*** Supplied data Section Begins ***
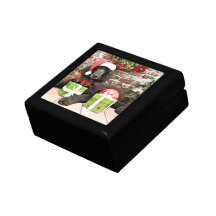 Christmas - Standard Poodle - Bronco Jewelry Box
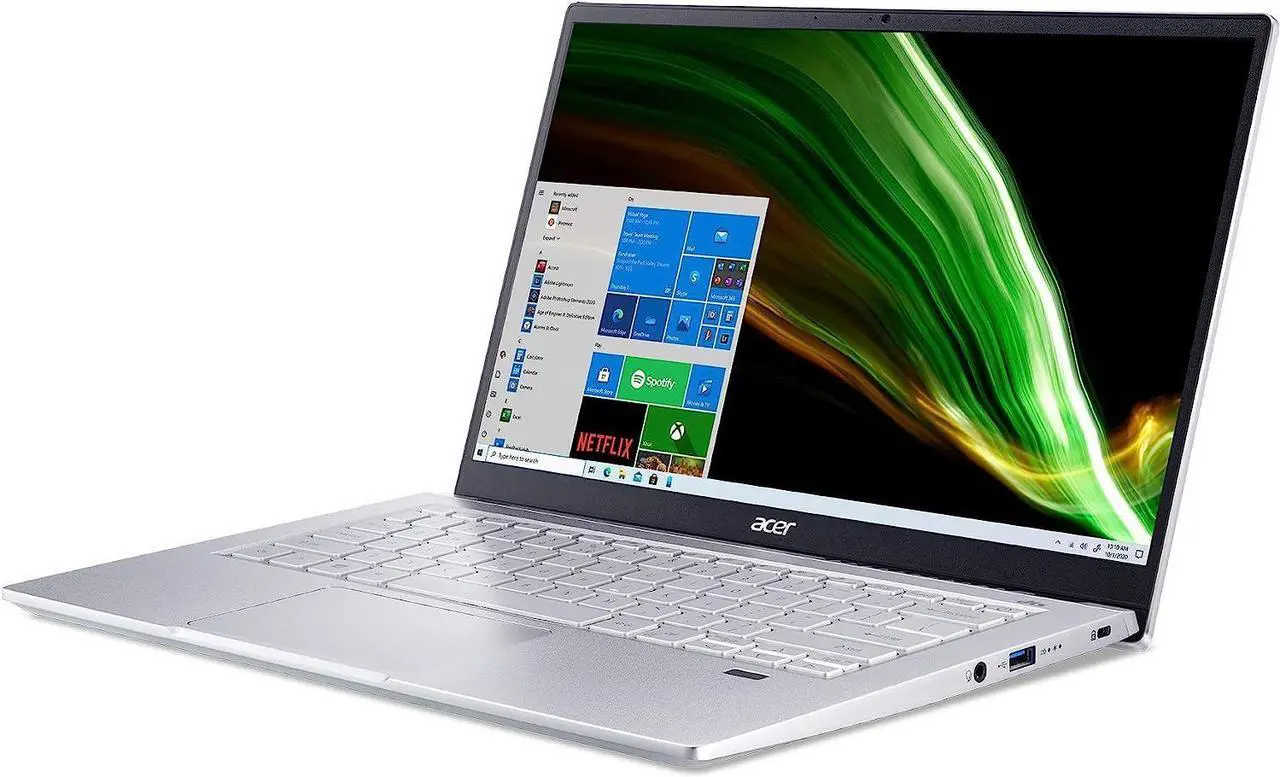 Alt view image 4 of 7 - Acer Swift 3 Thin & Light Laptop, 14" Full HD (1920 x 1080) Display, AMD Ryzen 7 5700U Octa-Core Processor, AMD Radeon Graphics, 8GB  DDR4  256GB  PCIe SSD, Backlit KB, Windows 11 Pro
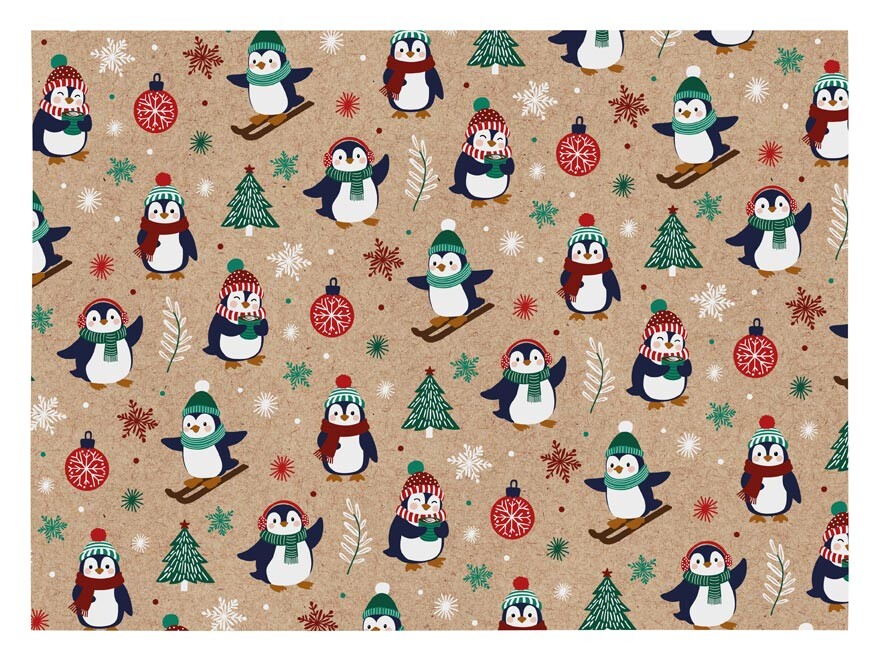 MFP 5811862 Balicí papír vánoční KRAFT V309 100x70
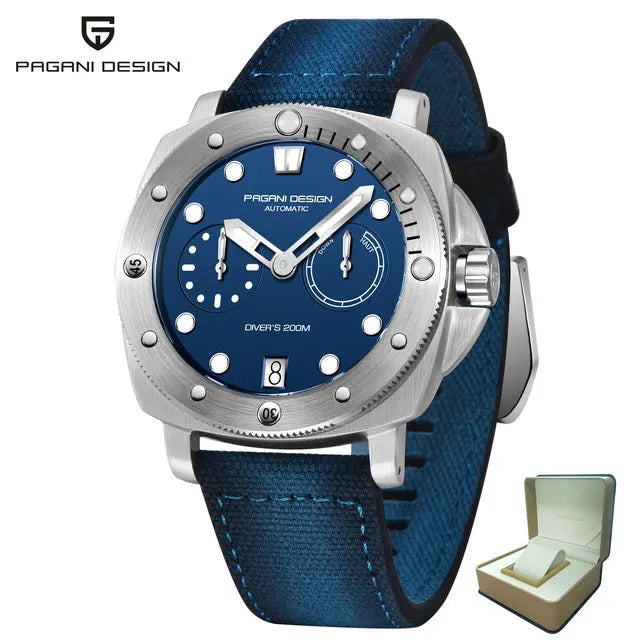 2023 PAGANI DESIGN New Men Mechanical Watch Luxury Sapphire Glass Automatic Watch 200M Waterproof Stainless Steel Watch for Men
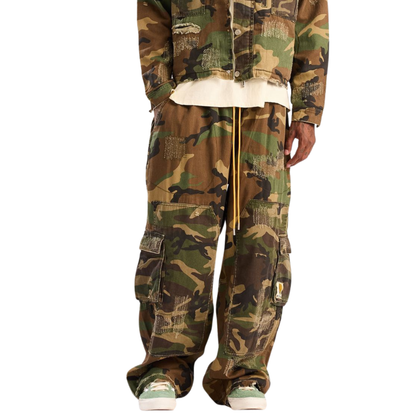 DSM Camo Cargo Pants (Green Camo)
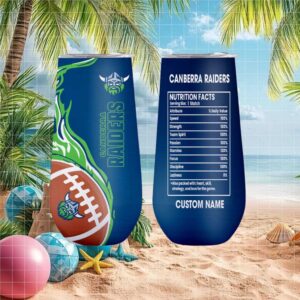 Canberra Raiders Nrl Nutrition Facts Custom Tumbler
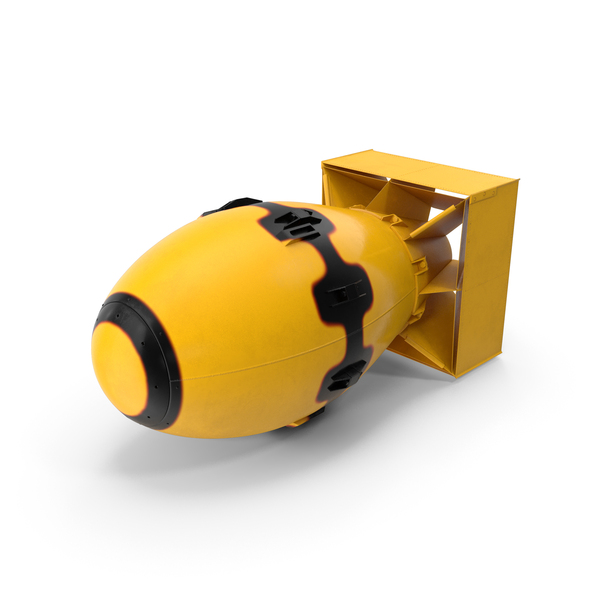 Atomic Bomb Fat Man Yellow PNG & PSD Images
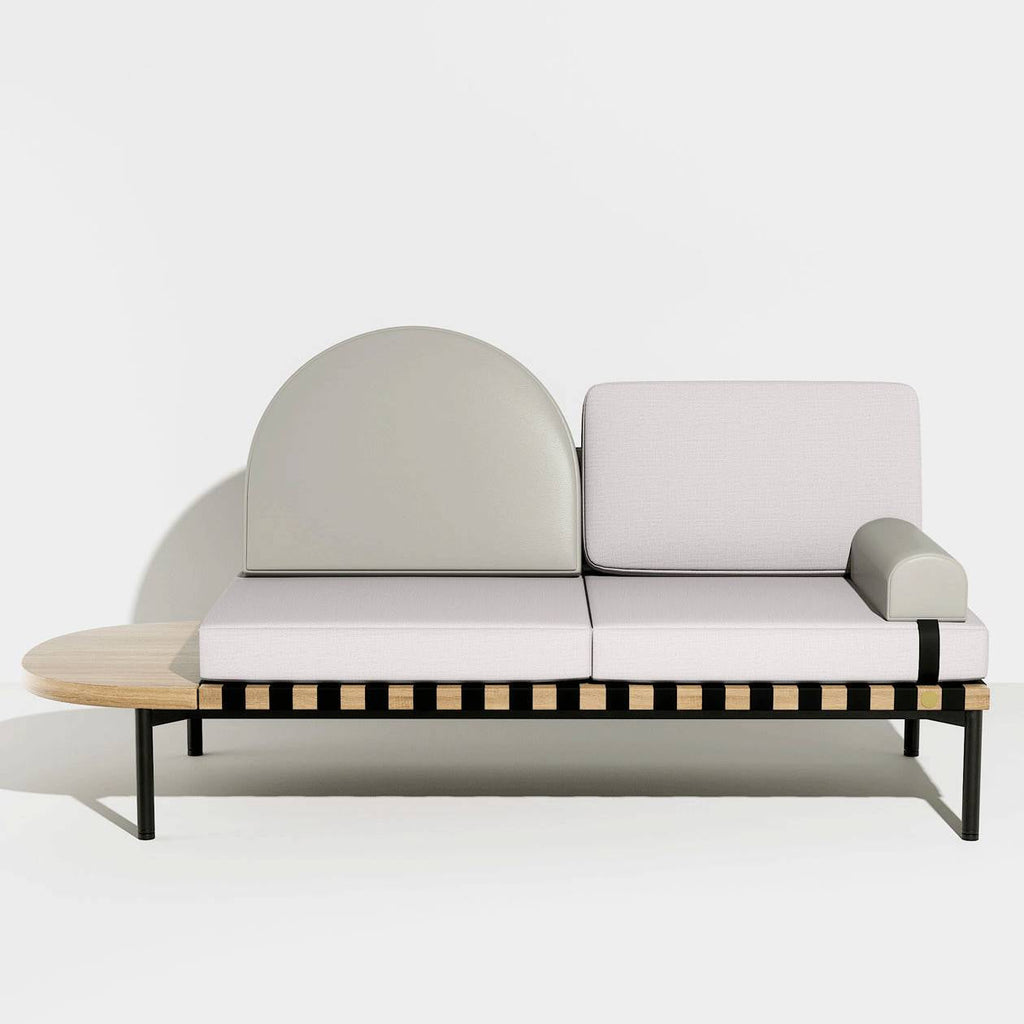 Canapé Daybed Grid de Pool Studio - Petite Friture-Gris-Bleu-The Woods Gallery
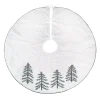 Clearance National Tree Company 52 in. HGTV Home Collection Embroidered Evergreens Tree Skirt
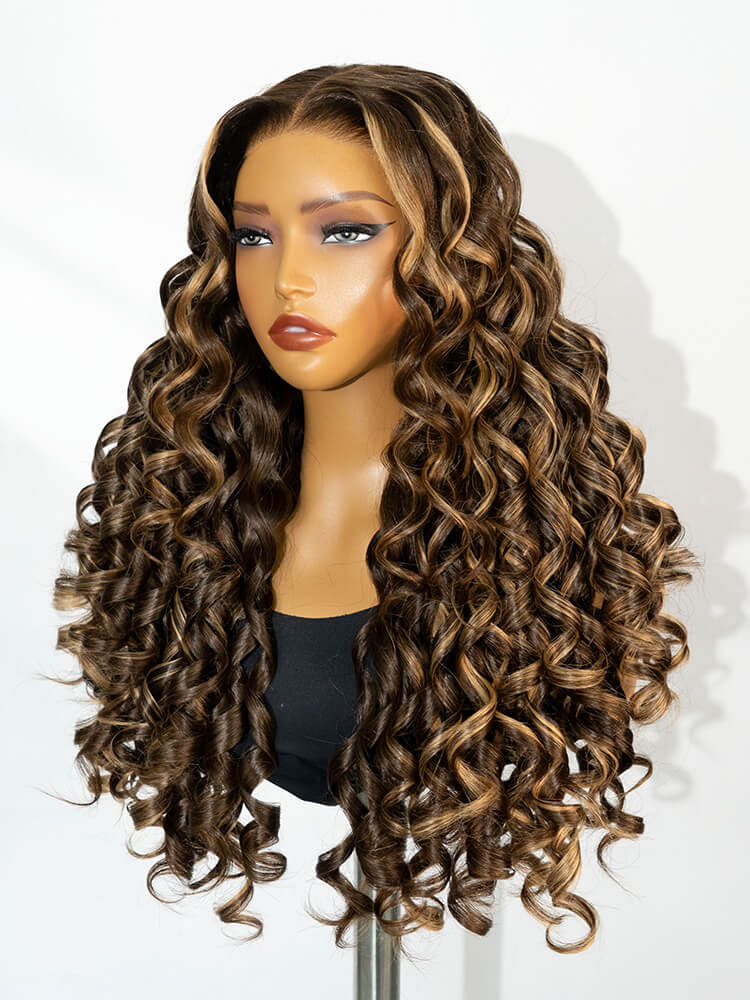 Ready To Go Ombre Highlight Loose Body Wave 5x7 Lace Front Wig Glueless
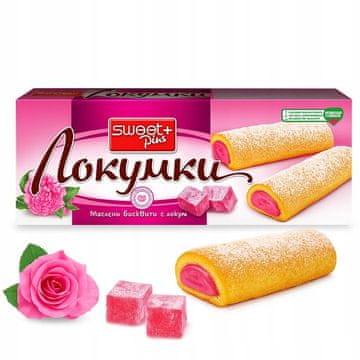 shumee Lokumki 160G - piškoti z vrtničnim nadevom, aromatični bonboni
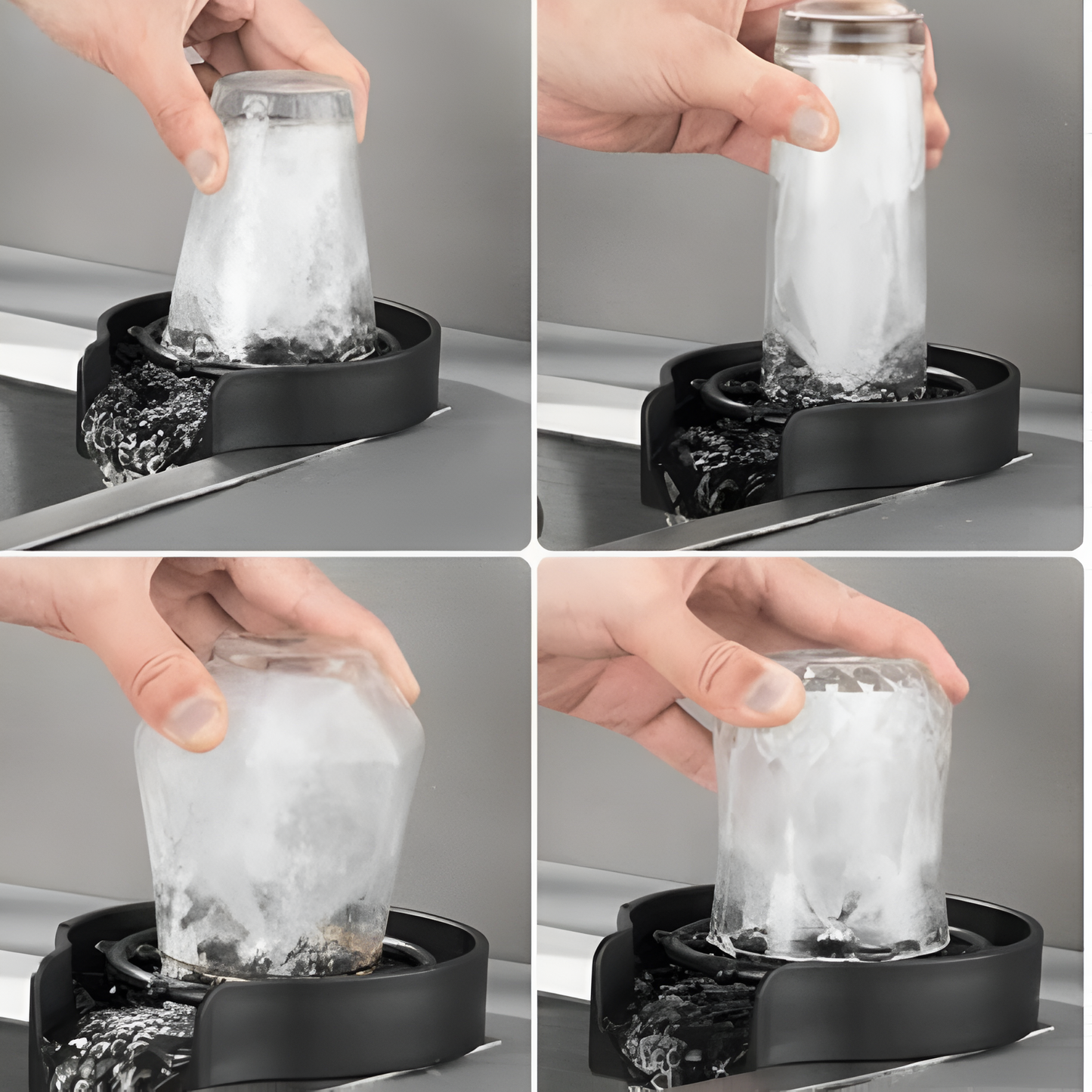 Automatic High-Pressure Glass Rinser for Quick Cleaning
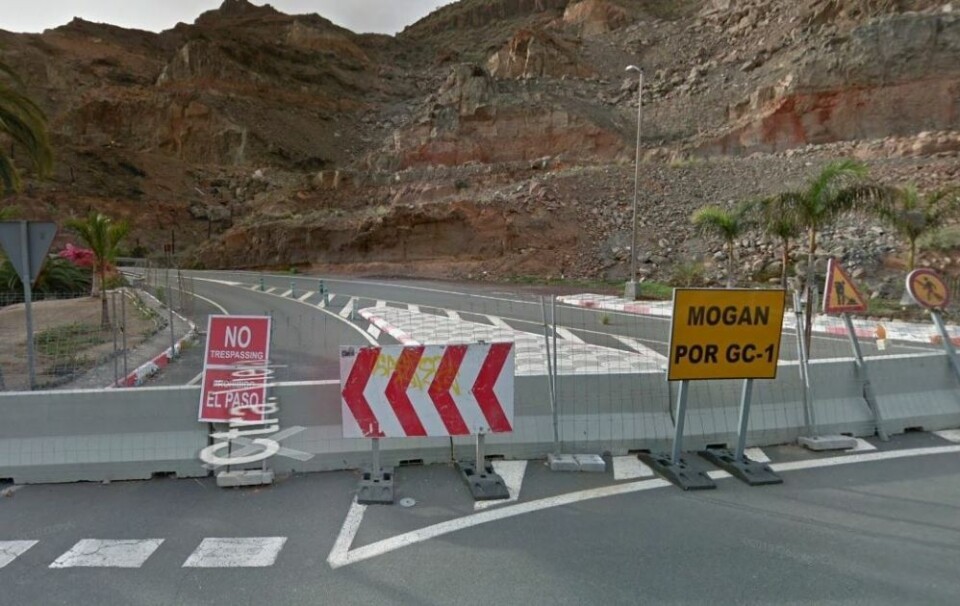 Veien har vært sperret siden juli 2017. Foto: Google Maps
*** Supplied data Section Ends ***
#### Your task
Reproduce the lines above exactly, image-free.

#### Task response
 Christmas - Standard Poodle - Bronco Jewelry Box
 Alt view image 4 of 7 - Acer Swift 3 Thin & Light Laptop, 14" Full HD (1920 x 1080) Display, AMD Ryzen 7 5700U Octa-Core Processor, AMD Radeon Graphics, 8GB  DDR4  256GB  PCIe SSD, Backlit KB, Windows 11 Pro
 MFP 5811862 Balicí papír vánoční KRAFT V309 100x70
 2023 PAGANI DESIGN New Men Mechanical Watch Luxury Sapphire Glass Automatic Watch 200M Waterproof Stainless Steel Watch for Men
 DSM Camo Cargo Pants (Green Camo)
 Canberra Raiders Nrl Nutrition Facts Custom Tumbler
 Atomic Bomb Fat Man Yellow PNG & PSD Images
 Canapé Daybed Grid de Pool Studio - Petite Friture-Gris-Bleu-The Woods Gallery
 Clearance National Tree Company 52 in. HGTV Home Collection Embroidered Evergreens Tree Skirt
 Ready To Go Ombre Highlight Loose Body Wave 5x7 Lace Front Wig Glueless
 shumee Lokumki 160G - piškoti z vrtničnim nadevom, aromatični bonboni
 Automatic High-Pressure Glass Rinser for Quick Cleaning
 Veien har vært sperret siden juli 2017. Foto: Google Maps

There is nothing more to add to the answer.